The world-building of the forest in Pandora was mind-blowing in the first film, but the oceanside community is even more awe-inspiring – prepare to be wowed watching the children swim with sea creatures.

Cameron revived the 3D trend back in 2009 and he’s bringing it back again now.

While the technology can be hit or miss in other films, it really works in this context and it enhances the immersive experience.

He also pushes the technical boundaries in another way – he experiments with the frame rate, which is the speed at which the images appear on screen.

Some scenes are in the traditional 24 frames per second, but others in 48fps.

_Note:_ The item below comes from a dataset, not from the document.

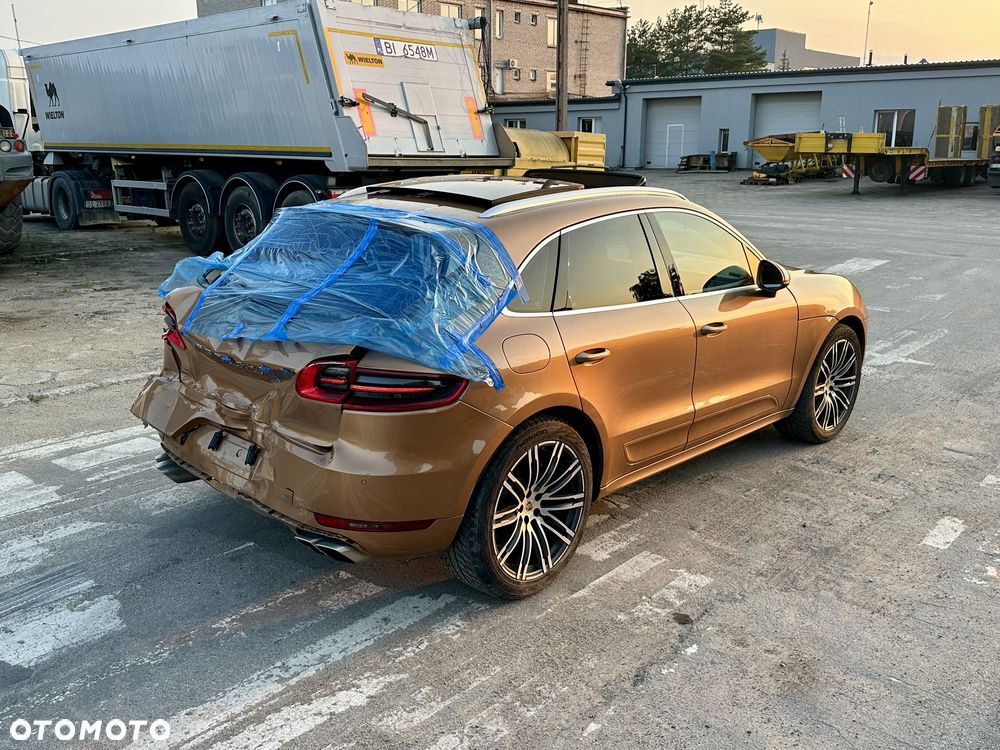 Porsche Macan Turbo PDK - 8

It’ll take a while for your eyes to adjust to the speed and those scenes look more like a video game than a movie.

However, it feels like Cameron spent so much time thinking about the groundbreaking visuals that he forgot to stop and think about the story.

There is hardly any story development or character development in this film, which is outrageous given that it’s (unnecessarily) three hours and 12 minutes long.

The story is so flimsy and similar to the first film, and at the end, you realise it hasn’t moved on much from where it started.

The script is weak and doesn’t serve the returning characters particularly well – Neytiri has barely anything to do, Jake is very dull and Miles is a one-note cliched villain.

Kate Winslet’s arrival to the franchise as Ronal is very underwhelming, so hopefully she will have more to do in the next instalments.

The children are the stars of the show, particularly the adorable Tuk and the complex teenager Kiri, who is the only one with any real depth.

Avatar: The Way of Water is a staggering visual effects achievement that requires the cinema experience – so it’s a shame there isn’t much substance under its beautiful surface.

In cinemas from Friday 16th December.